I think that g changes more quickly than f, so want to take smaller steps. The norm of the gradient of g will be 10 times the norm of the gradient of f, so we want the step size to be less than a tenth of 0.1?
Is this reasoning correct?
Suppose you're happy with step size(*) $\alpha$ for $f$, and you want to find the equivalent step size $\beta$ for gradient descent on $g$.
In other words, for an arbitrary point $x_0$ you want: $$f[10x_0 + \alpha \nabla f(10x_0)] = g[x_0 + \beta \nabla g(x_0)].$$
Since $\nabla g(x_0) = 10\nabla f(10 x_0)$, plugging in to the right-hand side gives $$f[10x_0 + \alpha \nabla f(10x_0)] = f[10x_0 + 100\beta \nabla f(10 x_0)]$$ and you want $\beta = \alpha/100.$
Intuitively, $g$ changes 10 times faster than $f$, so (1) the gradient of $g$ is 10 times larger than that of $f$, and (2) a same-size step causes ten times more change in $g$ than in $f$. Both of these factors together mean you want the step size for $g$ to be 100 times smaller than $\alpha$.
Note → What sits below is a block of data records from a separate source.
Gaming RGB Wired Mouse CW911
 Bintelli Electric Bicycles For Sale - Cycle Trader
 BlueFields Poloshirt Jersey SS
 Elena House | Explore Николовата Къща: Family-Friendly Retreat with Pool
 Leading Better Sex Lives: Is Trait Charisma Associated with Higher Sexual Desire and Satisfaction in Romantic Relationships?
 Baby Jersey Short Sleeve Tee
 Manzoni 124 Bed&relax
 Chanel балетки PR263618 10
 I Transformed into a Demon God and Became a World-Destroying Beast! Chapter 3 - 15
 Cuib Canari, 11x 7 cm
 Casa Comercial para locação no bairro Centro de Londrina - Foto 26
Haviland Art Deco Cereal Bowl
Or put another way, the stable step size for gradient descent is determined by the reciprocal of the Lipschitz constant of $\nabla f$, and the Lipschitz constant of $\nabla g(x) = 10\nabla f(10x)$ is $10\cdot 10$ times larger than that of $\nabla f$.
(*): Gradient descent has been around for over half a century; "learning rate" is an ML-ism for what used to be called the step size.